▶ _TRY IT_
Each line from the one containing "Photo - Alamy" to the end of the data must be copied exactly, the first and last included; no other lines and no pictures belong in the copy.

=== INPUT DATA ===

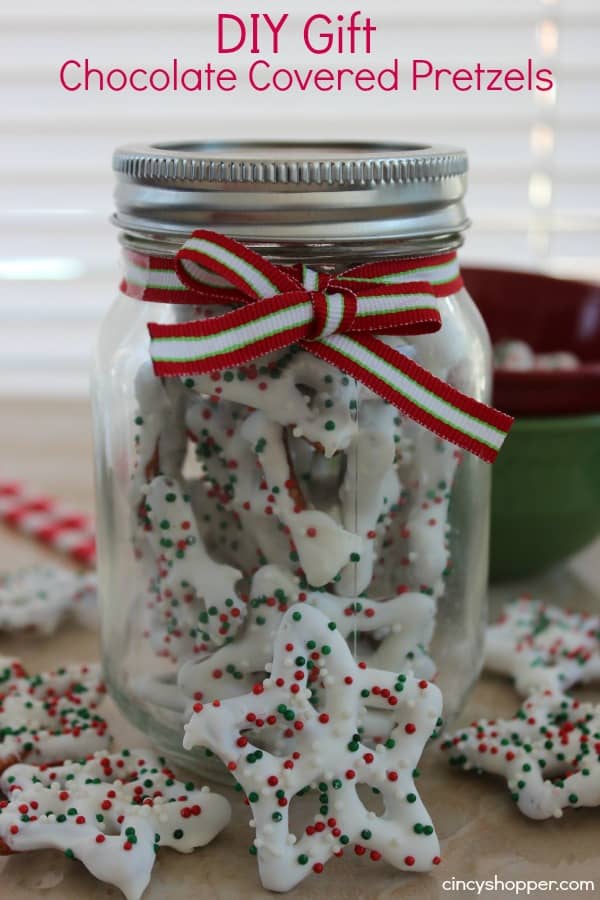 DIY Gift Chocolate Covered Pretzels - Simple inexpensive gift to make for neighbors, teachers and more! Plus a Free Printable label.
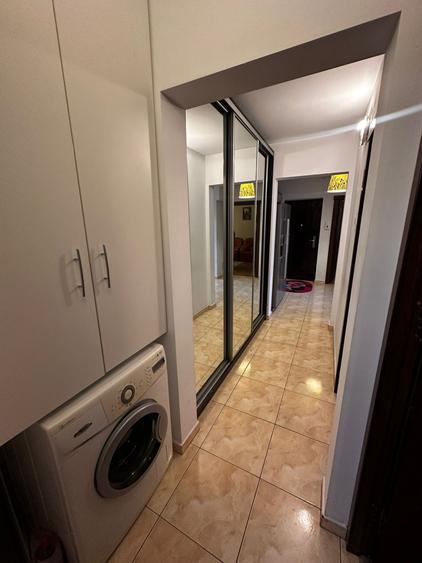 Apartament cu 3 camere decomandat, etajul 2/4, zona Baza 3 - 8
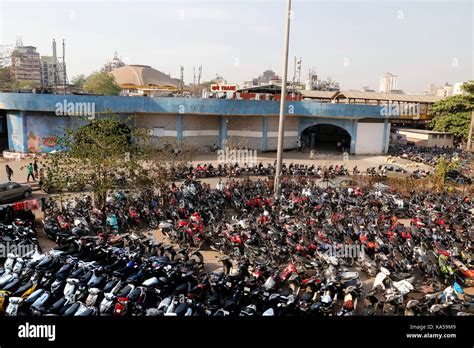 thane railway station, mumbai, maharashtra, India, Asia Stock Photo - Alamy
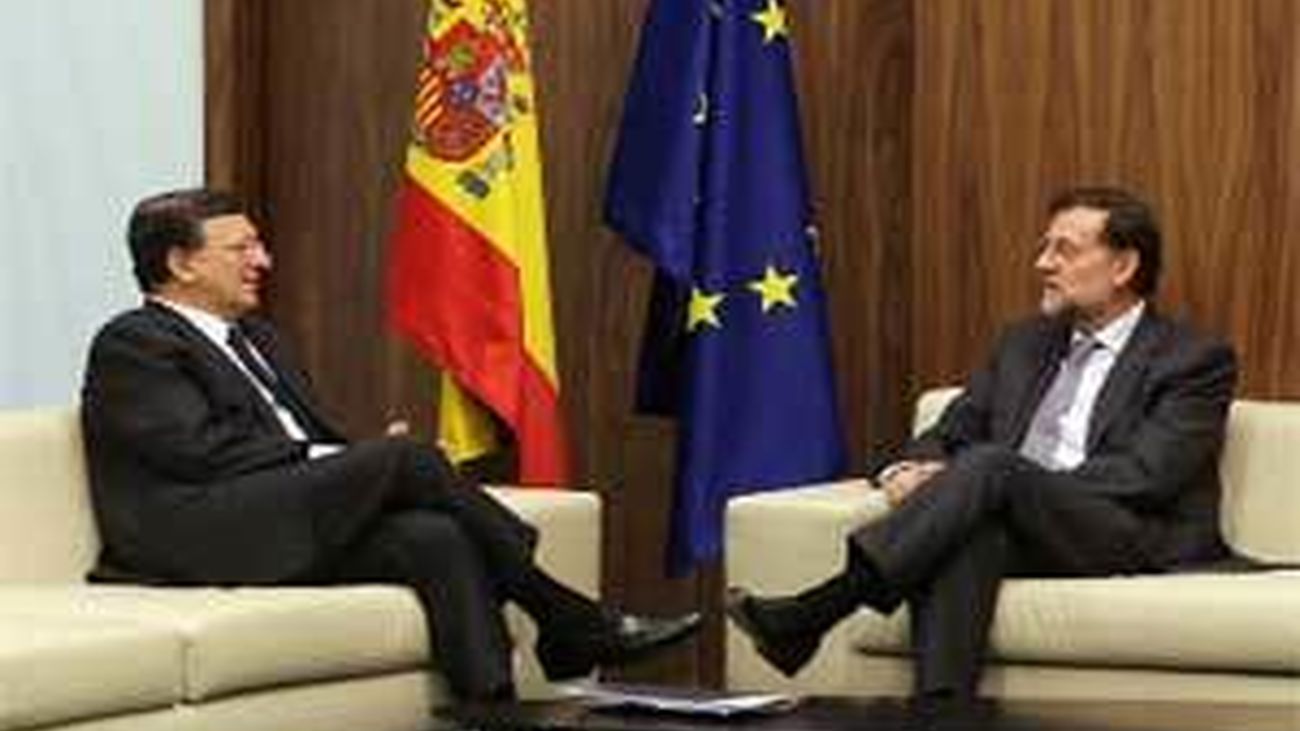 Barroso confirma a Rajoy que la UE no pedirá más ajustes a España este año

===

▶ _EXERCISE ANSWER_
 thane railway station, mumbai, maharashtra, India, Asia Stock Photo - Alamy
 Barroso confirma a Rajoy que la UE no pedirá más ajustes a España este año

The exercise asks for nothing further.